◆ What the task requires ◆
Exact copies of all the lines below are required, with the pictures omitted.

◆ Data records ◆

= = = = =

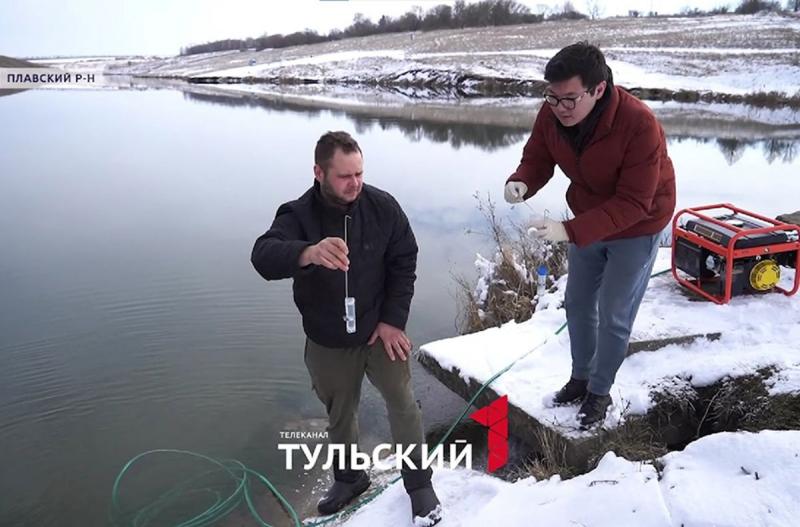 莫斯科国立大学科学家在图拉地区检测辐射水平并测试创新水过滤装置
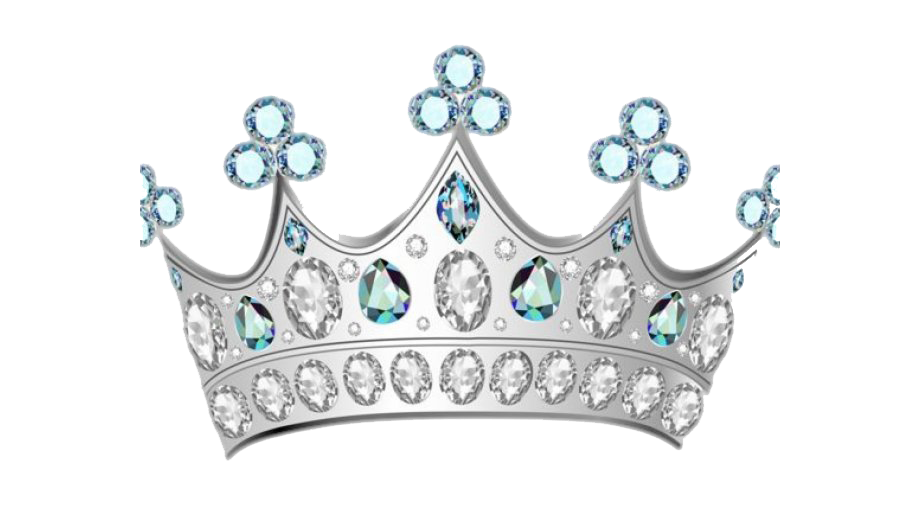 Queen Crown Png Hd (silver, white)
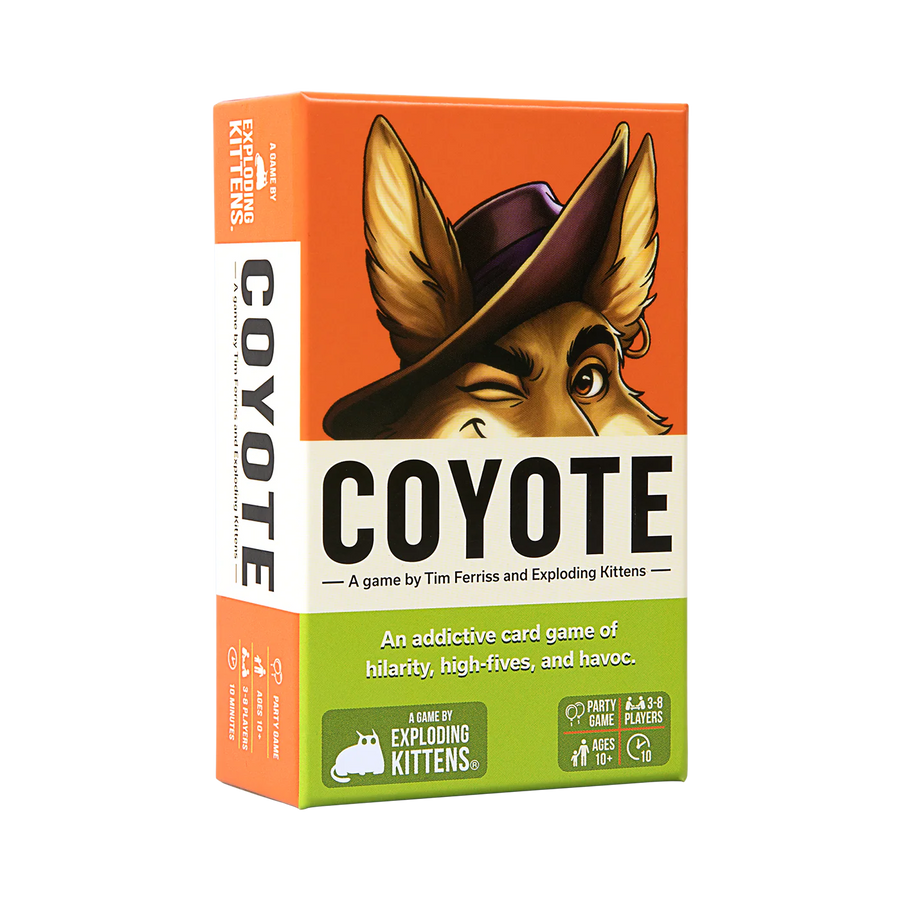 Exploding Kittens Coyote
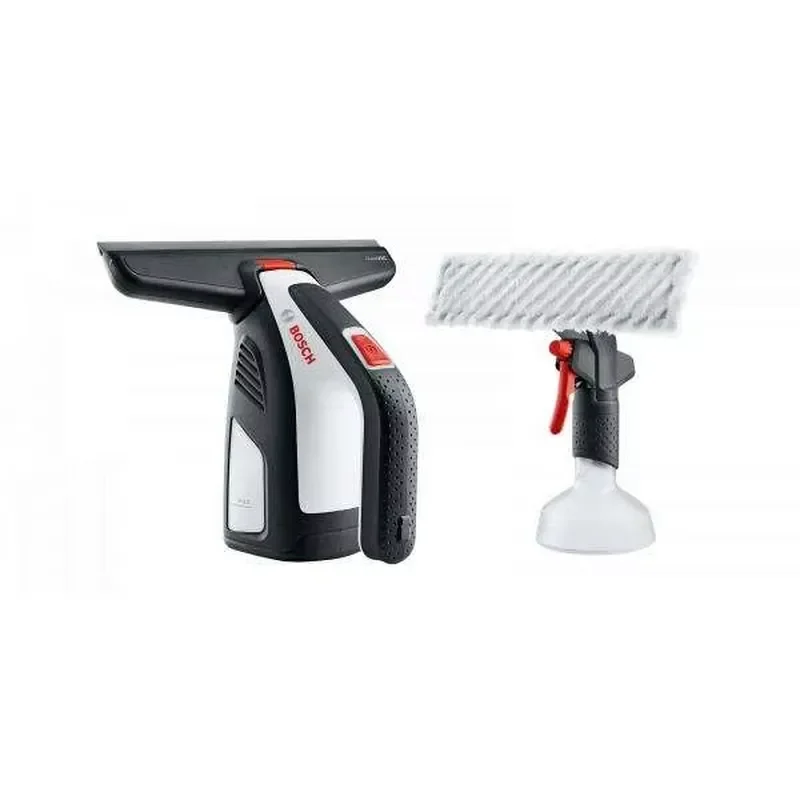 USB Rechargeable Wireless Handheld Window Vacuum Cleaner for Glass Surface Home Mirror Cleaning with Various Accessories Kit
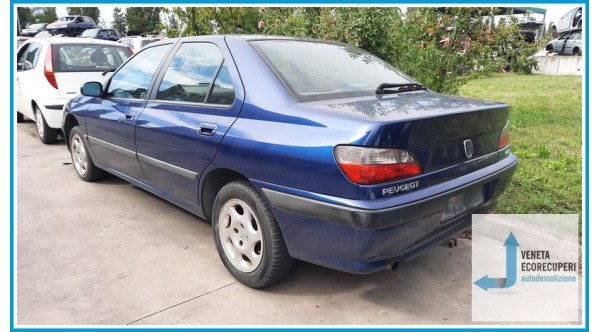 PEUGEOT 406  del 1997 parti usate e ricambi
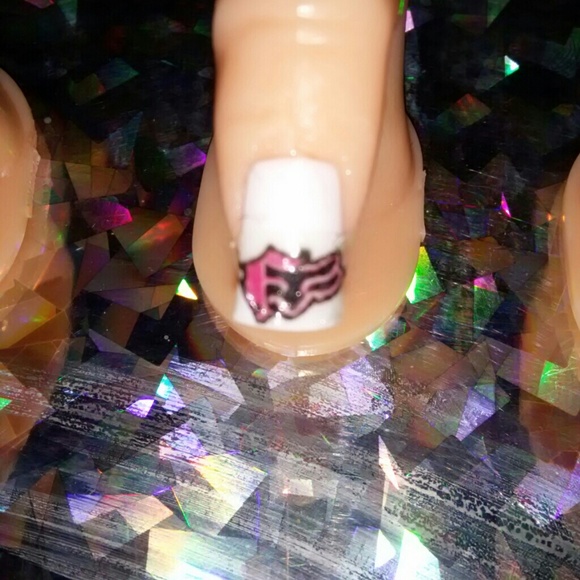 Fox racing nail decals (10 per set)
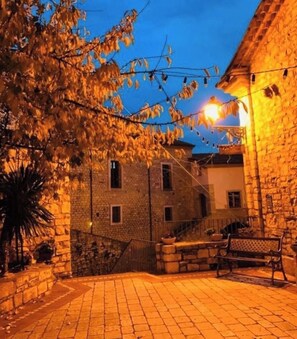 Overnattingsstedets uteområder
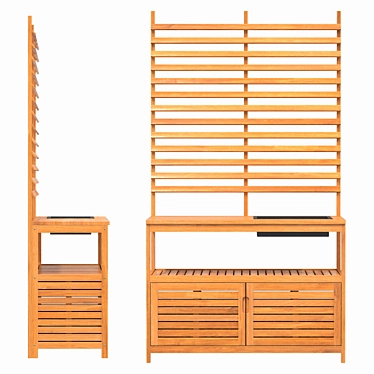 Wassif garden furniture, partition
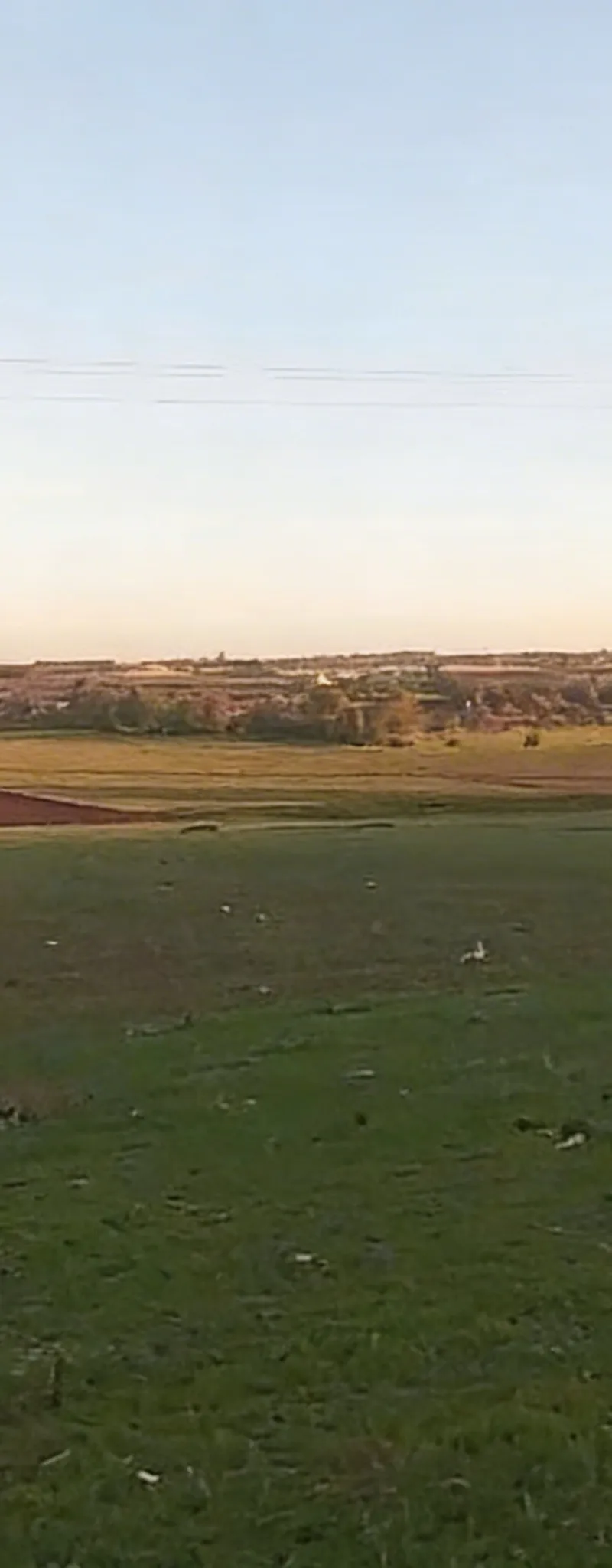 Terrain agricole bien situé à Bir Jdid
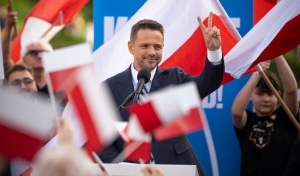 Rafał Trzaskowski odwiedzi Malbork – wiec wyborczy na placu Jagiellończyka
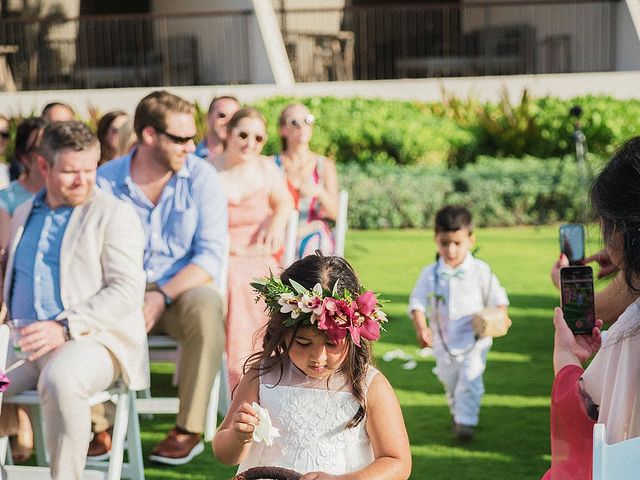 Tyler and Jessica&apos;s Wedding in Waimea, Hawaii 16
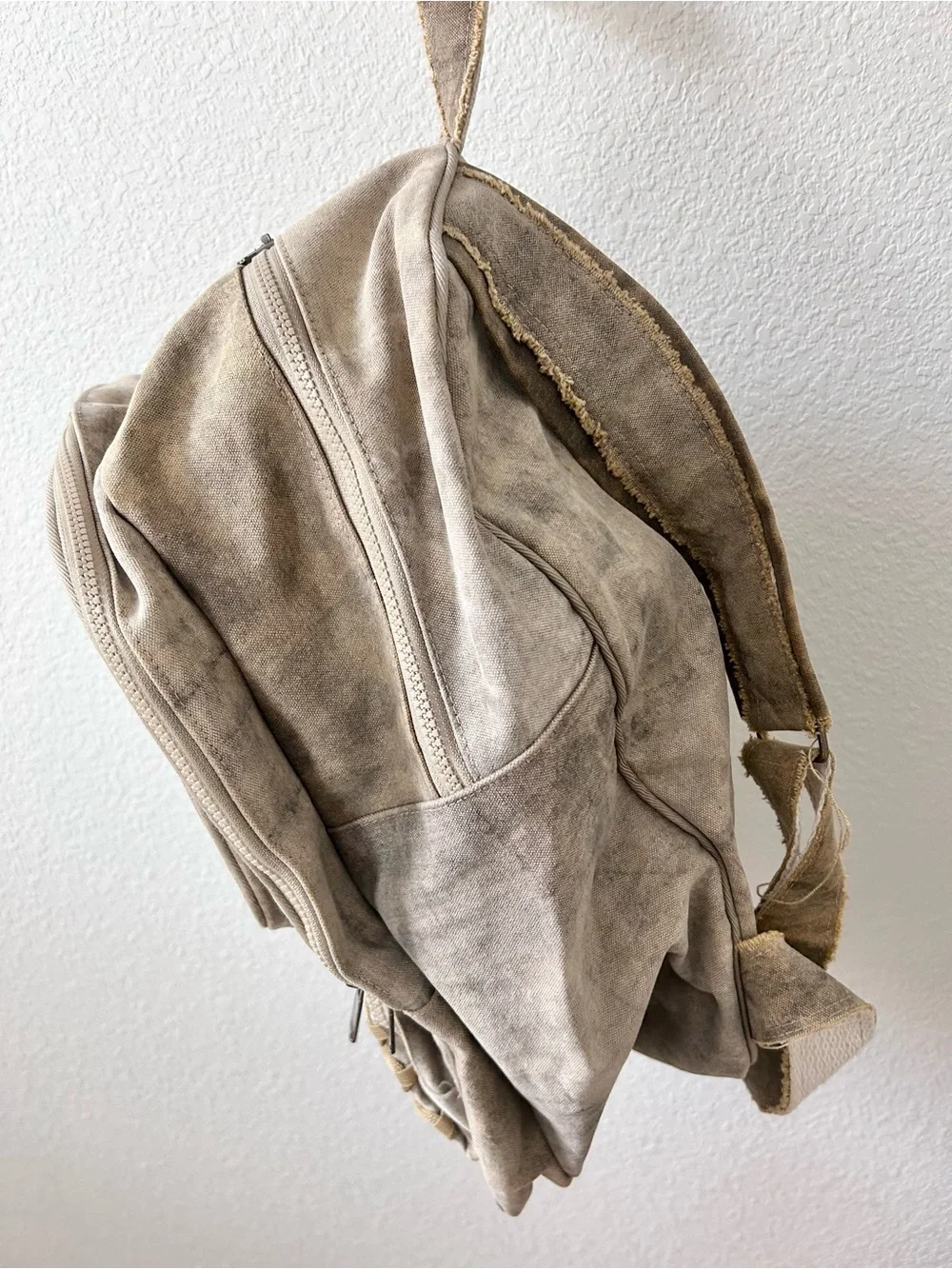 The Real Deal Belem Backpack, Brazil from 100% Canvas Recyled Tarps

= = = = =

◆ Exercise answer ◆
 莫斯科国立大学科学家在图拉地区检测辐射水平并测试创新水过滤装置
 Queen Crown Png Hd (silver, white)
 Exploding Kittens Coyote
 USB Rechargeable Wireless Handheld Window Vacuum Cleaner for Glass Surface Home Mirror Cleaning with Various Accessories Kit
 PEUGEOT 406  del 1997 parti usate e ricambi
 Fox racing nail decals (10 per set)
 Overnattingsstedets uteområder
 Wassif garden furniture, partition
 Terrain agricole bien situé à Bir Jdid
 Rafał Trzaskowski odwiedzi Malbork – wiec wyborczy na placu Jagiellończyka
 Tyler and Jessica&apos;s Wedding in Waimea, Hawaii 16
 The Real Deal Belem Backpack, Brazil from 100% Canvas Recyled Tarps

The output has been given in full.